By Michelle Boorstein
Washington Post Staff Writer
Thursday, September 9, 2010; 3:07 AM
Geoff Tunnicliffe heads one of the world's largest faith organizations - the World Evangelical Alliance - but on Wednesday morning, when he reached the Florida pastor planning to burn the Koran on Sept. 11, "I felt like a deer in the headlights," he said.
For weeks, Tunnicliffe had remained silent about the intention of the tiny Gainesville church to publicly torch Islam's holy book this Saturday, not wanting to lend legitimacy to the Dove World Outreach Center or its controversial pastor, Terry Jones. But after hearing from Pentecostal leaders around the globe who fear that the scripture-burning could spark sectarian violence, he decided he needed to appeal to Jones as a fellow Christian.
Tunnicliffe is among the religious leaders who have tried to reach out to Jones in recent days and persuade him to abandon his plan, which has been condemned by everyone from Secretary of State Hillary Rodham Clinton to Gen. David H. Petraeus to conservative commentator Glenn Beck to actress Angelina Jolie. Even Franklin Graham, son of famed evangelist Billy Graham and an outspoken critic of Islam, tried twice without success to reach Jones on Wednesday to express his disapproval of defacing or destroying the sacred texts or writings of other religions, a spokesman said.
Jones did not return telephone calls Wednesday seeking comment.
Tunnicliffe described himself as "pleading" during a 10-minute cellphone conversation with the man whose plan has sparked angry protests in Jakarta and Kabul, a plan that some fear could put the lives of U.S. troops in Muslim countries at risk.
"I tried to talk about the impact this would have on his own stated goals of taking the Gospel to the world," said Tunnicliffe, whose group represents hundreds of millions of evangelicals, including those in Muslim countries.
He told Jones that Christian leaders and missionaries around the world were opposed to the burning, and asked, "What are you hearing from God that these people aren't hearing?" He asked how Jones would feel if the event led to the death of a pastor or the destruction of a church in another part of the world.
Jones listened but remained noncommittal, Tunnicliffe said. "He said they might not change their minds, but that they were praying about it."
At the end of the phone call, Tunnicliffe said, he prayed for Jones.
"Here's the reality: That video will never go away," he said. "It will be so detrimental to our work with religious liberty around the world. Everywhere I go around the world, I will have to address this for years to come."
He and others described their lobbying efforts this week as delicate and strange. Jones doesn't belong to a religious denomination and doesn't appear to know fellow pastors in his town.

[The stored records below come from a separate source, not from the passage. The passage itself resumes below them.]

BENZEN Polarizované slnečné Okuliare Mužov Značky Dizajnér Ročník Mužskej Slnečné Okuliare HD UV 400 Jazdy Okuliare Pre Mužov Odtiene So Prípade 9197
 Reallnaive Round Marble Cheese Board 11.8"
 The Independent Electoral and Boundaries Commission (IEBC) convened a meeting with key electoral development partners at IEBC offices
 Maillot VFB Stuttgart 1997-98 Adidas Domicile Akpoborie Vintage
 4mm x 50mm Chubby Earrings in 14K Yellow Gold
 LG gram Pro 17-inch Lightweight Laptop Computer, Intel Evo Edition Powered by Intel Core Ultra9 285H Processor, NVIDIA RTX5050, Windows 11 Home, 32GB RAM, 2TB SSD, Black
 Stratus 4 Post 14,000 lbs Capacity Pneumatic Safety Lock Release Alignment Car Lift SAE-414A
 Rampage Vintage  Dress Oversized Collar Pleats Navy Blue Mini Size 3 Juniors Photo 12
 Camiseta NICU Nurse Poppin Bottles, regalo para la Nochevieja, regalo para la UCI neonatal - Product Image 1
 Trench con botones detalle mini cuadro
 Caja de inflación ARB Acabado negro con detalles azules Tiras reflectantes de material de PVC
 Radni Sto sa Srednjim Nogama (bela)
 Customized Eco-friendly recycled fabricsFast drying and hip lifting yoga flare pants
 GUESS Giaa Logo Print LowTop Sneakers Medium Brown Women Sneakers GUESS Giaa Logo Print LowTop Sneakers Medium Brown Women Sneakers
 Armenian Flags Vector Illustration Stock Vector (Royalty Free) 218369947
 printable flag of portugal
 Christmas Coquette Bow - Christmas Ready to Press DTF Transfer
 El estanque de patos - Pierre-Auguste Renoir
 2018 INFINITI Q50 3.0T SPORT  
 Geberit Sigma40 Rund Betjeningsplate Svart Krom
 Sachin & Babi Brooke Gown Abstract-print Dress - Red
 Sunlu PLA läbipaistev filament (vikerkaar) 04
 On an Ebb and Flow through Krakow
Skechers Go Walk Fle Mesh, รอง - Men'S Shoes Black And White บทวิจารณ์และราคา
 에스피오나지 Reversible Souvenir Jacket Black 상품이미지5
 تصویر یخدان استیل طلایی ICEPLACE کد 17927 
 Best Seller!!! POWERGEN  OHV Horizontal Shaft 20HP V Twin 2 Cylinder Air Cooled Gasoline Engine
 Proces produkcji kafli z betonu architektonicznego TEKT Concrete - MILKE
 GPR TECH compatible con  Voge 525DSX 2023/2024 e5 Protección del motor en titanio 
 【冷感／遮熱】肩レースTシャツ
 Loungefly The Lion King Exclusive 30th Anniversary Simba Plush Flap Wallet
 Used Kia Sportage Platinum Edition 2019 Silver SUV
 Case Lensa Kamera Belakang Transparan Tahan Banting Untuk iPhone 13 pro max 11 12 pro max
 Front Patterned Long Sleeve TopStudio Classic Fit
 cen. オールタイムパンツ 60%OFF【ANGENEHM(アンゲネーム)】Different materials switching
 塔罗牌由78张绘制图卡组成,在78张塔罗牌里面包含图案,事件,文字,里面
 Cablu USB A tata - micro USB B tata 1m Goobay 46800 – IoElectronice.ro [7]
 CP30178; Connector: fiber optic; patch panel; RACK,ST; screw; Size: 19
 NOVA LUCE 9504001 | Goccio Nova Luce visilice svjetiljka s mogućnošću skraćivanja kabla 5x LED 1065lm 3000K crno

Some religious leaders said they fear that Jones won't listen to strangers, or they are reluctant to fuel something that they hope will go away. Others said the fact that evangelical leaders aren't taking more action reflects a distant and sometimes tense relationship with Muslims and the fact that many evangelicals are skeptical of Islam.
"People don't speak out the way they should because they don't have personal relationships," said Richard Cizik, a former longtime lobbyist for the National Association of Evangelicals (NAE), the U.S. branch of the World Evangelical Alliance. He noted that an NAE poll of evangelical leaders in 2008 found none who said they had a good friend who was Muslim.
Nevertheless, NAE President Leith Anderson issued a statement Wednesday asking Muslims not to judge "all Christians by the behavior of one extremist. One person with 30 silent followers does not speak for 300 million Americans who will never burn a Koran."
Christian leaders from other denominations echoed those sentiments Wednesday, saying there was no support in their communities for Jones. The question was how to reach the former hotel manager who sells furniture on eBay to make extra money.
Richard Land, president of the Southern Baptist Convention's Ethics & Religious Liberty Commission, said he decided not to approach Jones because he believes that the pastor would disapprove of Land's advocacy for the rights of religious minorities and his general engagement with pluralism.
"If I know my boy, he thinks we're apostate liberals anyway," Land said. "My guess is my call would be counterproductive. My calling him would just encourage him to do it."
City commissioners and the mayor of Gainesville have called Jones, as have local clergy, including the Rev. Dan Johnson of the 4,000-member Trinity United Methodist Church, the closest house of worship to the Dove Center. Johnson tried several times to make appointments with Jones before the Dove pastor called Johnson "yellow-bellied" in a local paper, said Troy Holloway, Trinity's director of stewardship development.
Tunnicliffe said he offered to come to Florida on Friday to speak with Jones's church and was planning to deliver a letter to the congregation and run an advertisement in the Gainesville newspaper.
Asked if evangelical leaders - including himself- had delayed trying to stop the Koran-burning because many Christians feel anxious about the spread of Islam, he said he didn't believe that was the case.
"They may have some concerns, but you'd only find the very fringe that would have any support for this, even among the most conservative," Tunnicliffe said. "I think there would be a strong consensus that this kind of approach is absolutely not acceptable and not biblical."